■ Exercise details
A single number is the answer here: how many lines of the entries contain "image"?

■ Crawled caption data
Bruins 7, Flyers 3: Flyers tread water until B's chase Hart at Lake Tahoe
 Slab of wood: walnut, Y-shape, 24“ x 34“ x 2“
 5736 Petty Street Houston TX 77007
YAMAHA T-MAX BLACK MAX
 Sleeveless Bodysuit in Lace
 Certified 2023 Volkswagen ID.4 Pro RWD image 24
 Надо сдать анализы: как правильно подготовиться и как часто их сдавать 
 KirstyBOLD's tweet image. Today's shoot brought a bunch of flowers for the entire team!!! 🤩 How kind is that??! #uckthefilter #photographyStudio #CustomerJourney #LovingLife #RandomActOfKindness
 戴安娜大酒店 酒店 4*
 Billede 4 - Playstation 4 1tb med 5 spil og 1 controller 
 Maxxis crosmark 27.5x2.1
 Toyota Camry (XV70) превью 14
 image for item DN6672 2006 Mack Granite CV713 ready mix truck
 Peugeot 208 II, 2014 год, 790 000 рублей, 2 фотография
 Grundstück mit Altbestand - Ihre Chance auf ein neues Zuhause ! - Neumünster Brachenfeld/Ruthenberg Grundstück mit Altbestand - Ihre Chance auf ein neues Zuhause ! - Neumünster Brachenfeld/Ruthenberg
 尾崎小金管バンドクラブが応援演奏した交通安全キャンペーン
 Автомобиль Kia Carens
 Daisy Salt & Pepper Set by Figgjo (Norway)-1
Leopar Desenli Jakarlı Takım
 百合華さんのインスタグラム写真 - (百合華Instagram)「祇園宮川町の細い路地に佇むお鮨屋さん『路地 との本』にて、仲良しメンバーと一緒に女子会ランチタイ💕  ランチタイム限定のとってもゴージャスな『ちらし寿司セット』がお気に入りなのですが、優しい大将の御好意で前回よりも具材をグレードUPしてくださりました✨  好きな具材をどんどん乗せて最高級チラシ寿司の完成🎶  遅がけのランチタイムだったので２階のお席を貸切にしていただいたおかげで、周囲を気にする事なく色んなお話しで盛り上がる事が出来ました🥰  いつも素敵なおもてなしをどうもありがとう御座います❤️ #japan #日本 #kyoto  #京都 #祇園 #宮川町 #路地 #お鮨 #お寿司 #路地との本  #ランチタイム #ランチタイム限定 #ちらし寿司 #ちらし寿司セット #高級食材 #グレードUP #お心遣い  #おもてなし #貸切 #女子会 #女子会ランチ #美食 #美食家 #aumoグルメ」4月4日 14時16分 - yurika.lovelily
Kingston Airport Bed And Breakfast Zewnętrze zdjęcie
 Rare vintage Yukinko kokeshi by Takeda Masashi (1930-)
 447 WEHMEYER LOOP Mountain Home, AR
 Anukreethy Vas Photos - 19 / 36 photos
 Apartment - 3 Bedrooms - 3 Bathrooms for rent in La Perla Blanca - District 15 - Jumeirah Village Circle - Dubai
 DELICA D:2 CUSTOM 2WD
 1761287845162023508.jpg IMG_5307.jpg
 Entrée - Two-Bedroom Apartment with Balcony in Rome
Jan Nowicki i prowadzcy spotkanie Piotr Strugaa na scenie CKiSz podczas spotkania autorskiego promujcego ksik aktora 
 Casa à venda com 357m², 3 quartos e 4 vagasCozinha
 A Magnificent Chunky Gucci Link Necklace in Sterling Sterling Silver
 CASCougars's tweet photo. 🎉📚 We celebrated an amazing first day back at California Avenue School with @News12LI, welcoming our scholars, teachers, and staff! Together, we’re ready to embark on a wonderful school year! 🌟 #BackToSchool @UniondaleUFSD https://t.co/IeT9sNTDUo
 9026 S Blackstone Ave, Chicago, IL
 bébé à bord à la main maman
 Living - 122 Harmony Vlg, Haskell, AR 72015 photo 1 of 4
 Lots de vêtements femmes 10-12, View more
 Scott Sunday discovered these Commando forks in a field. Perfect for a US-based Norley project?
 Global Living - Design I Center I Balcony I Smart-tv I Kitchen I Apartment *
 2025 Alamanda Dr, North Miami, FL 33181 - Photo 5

■ Exercise answer
3